Vitess messaging gives the application an easy way to schedule and manage work that needs to be performed asynchronously. Under the covers, messages are stored in a traditional MySQL table and therefore enjoy the following properties:

  • Scalable: Because of vitess’s sharding abilities, messages can scale to very large QPS or sizes.
  • Guaranteed delivery: A message will be indefinitely retried until a successful ack is received.
  • Non-blocking: If the sending is backlogged, new messages continue to be accepted for eventual delivery.
  • Adaptive: Messages that fail delivery are backed off exponentially.
  • Analytics: The retention period for messages is dictated by the application. One could potentially choose to never delete any messages and use the data for performing analytics.
  • Transactional: Messages can be created or acked as part of an existing transaction. The action will complete only if the commit succeeds.

The properties of a message are chosen by the application. However, every message needs a uniquely identifiable key.
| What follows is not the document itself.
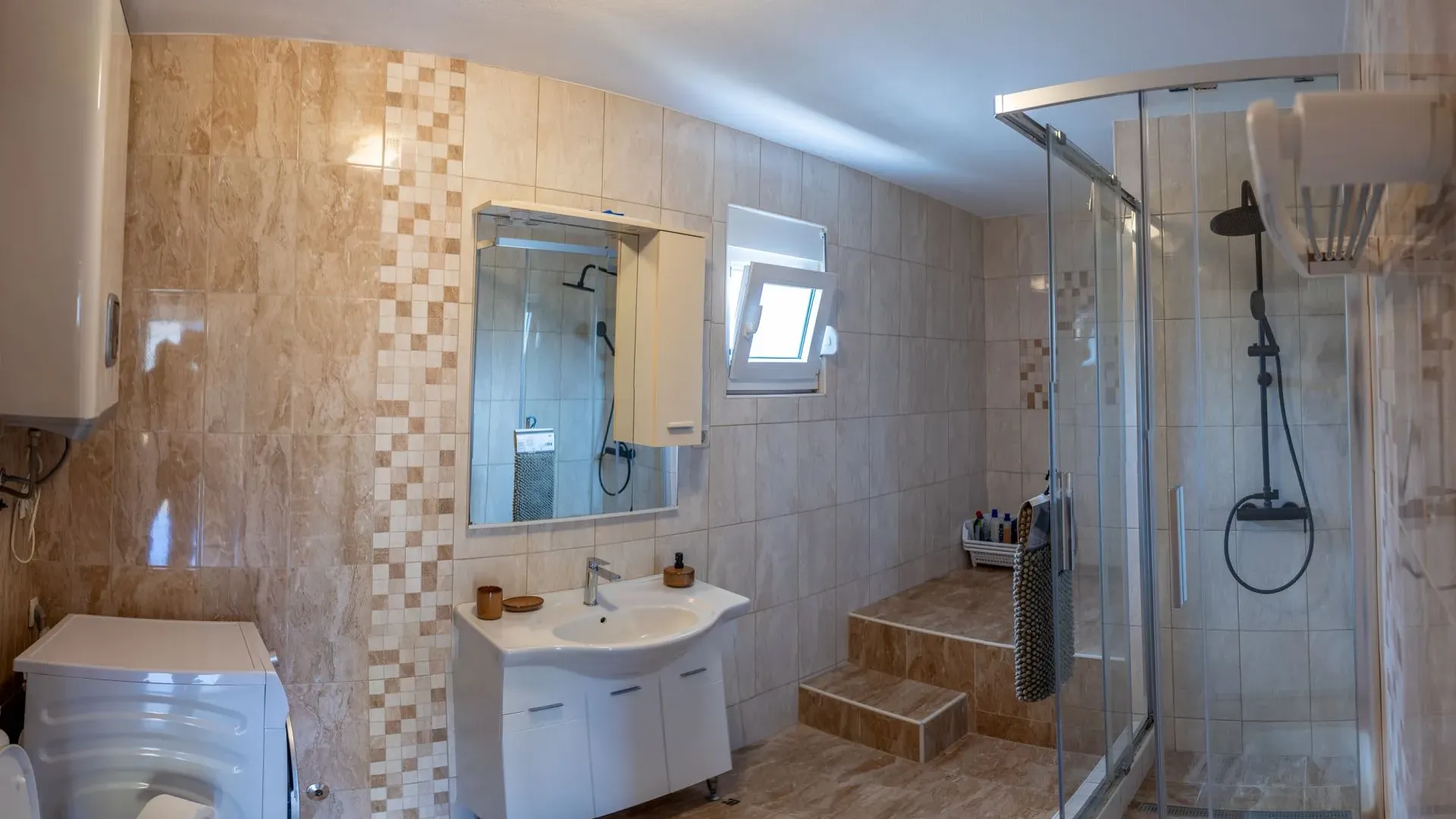Rent, house, 111m², Kotor, Crna Gora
If the messages are stored in a sharded table, the key must also be the primary vindex of the table.

Although messages will generally be delivered in the order they’re created, this is not an explicit guarantee of the system. The focus is more on keeping track of the work that needs to be done and ensuring that it was performed. Messages are good for:

  • Handing off work to another system.
  • Recording potentially time-consuming work that needs to be done asynchronously.
  • Scheduling for future delivery.
  • Accumulating work that could be done during off-peak hours.

Messages are not a good fit for the following use cases:

  • Broadcasting of events to multiple subscribers.
  • Ordered delivery.
  • Real-time delivery.

Creating a message table #

The current implementation requires a fixed schema. This will be made more flexible in the future. There will also be a custom DDL syntax. For now, a message table must be created like this:

create table my_message(
  time_scheduled bigint,
  id bigint,
  time_next bigint,
  epoch bigint,
  time_created bigint,
  time_acked bigint,
  message varchar(128),
  priority tinyint NOT NULL DEFAULT '0',
  primary key(time_scheduled, id),
  unique index id_idx(id),
  index next_idx(priority, time_next)
) comment 'vitess_message,vt_ack_wait=30,vt_purge_after=86400,vt_batch_size=10,vt_cache_size=10000,vt_poller_interval=30'

The application-related columns are as follows:

  • id: can be any type. Must be unique.
  • message: can be any type.
  • time_scheduled: must be a bigint. It will be used to store unix time in nanoseconds. If unspecified, the Now value is inserted.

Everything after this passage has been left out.